-- DATA PROVIDED --
· · · ·
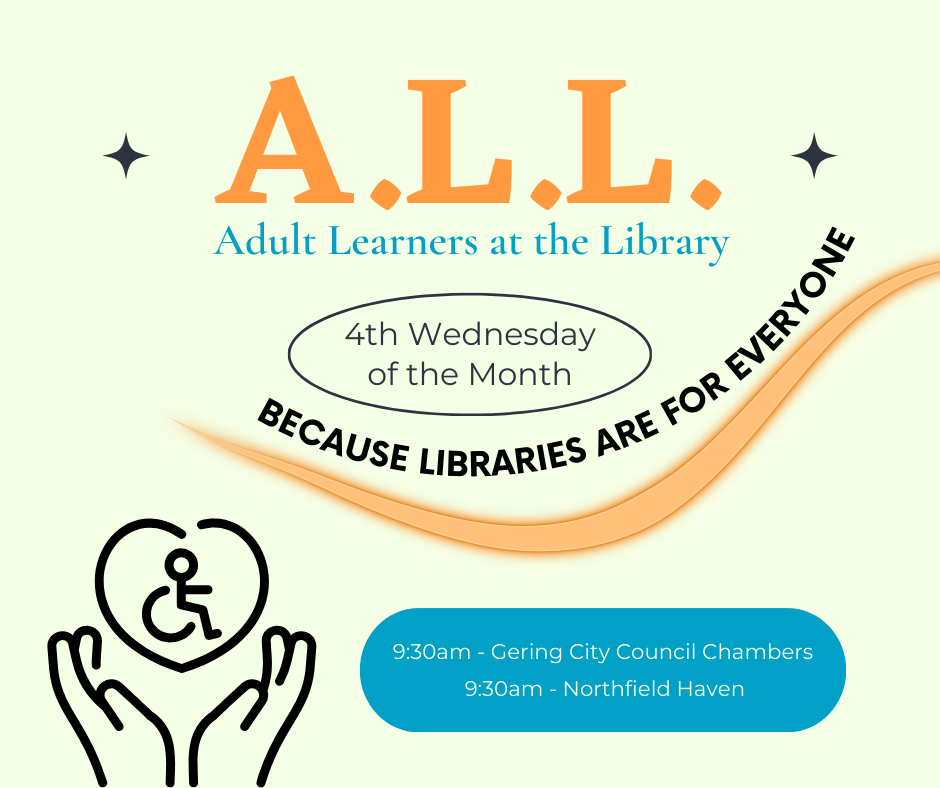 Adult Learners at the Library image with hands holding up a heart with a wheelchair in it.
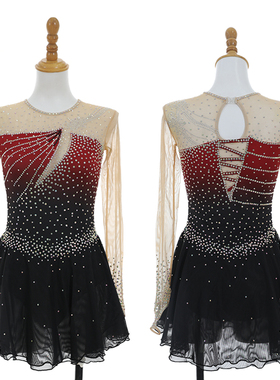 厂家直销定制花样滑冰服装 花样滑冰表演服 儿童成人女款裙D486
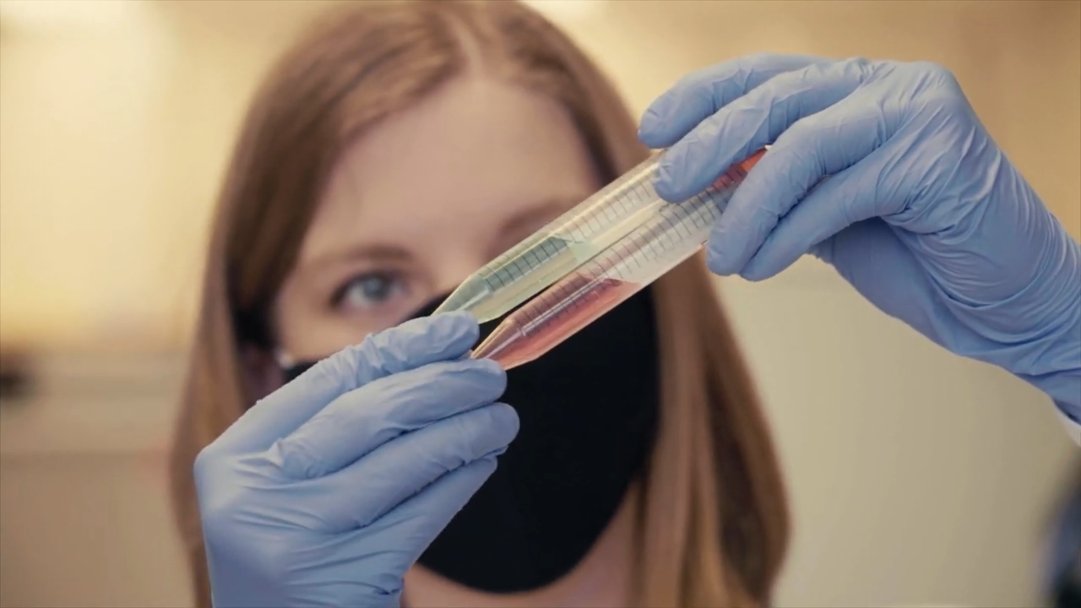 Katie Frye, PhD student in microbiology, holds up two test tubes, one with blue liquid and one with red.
· · · ·
-- YOUR GOAL --
Please write out the lines from the one that holds "厂家直销定制花样滑冰服装 花样滑冰表演服 儿童成人女款裙D486" through the end of the material, both ends included, exactly and with no pictures.

-- SOLUTION FOR THIS EXERCISE --
 厂家直销定制花样滑冰服装 花样滑冰表演服 儿童成人女款裙D486
 Katie Frye, PhD student in microbiology, holds up two test tubes, one with blue liquid and one with red.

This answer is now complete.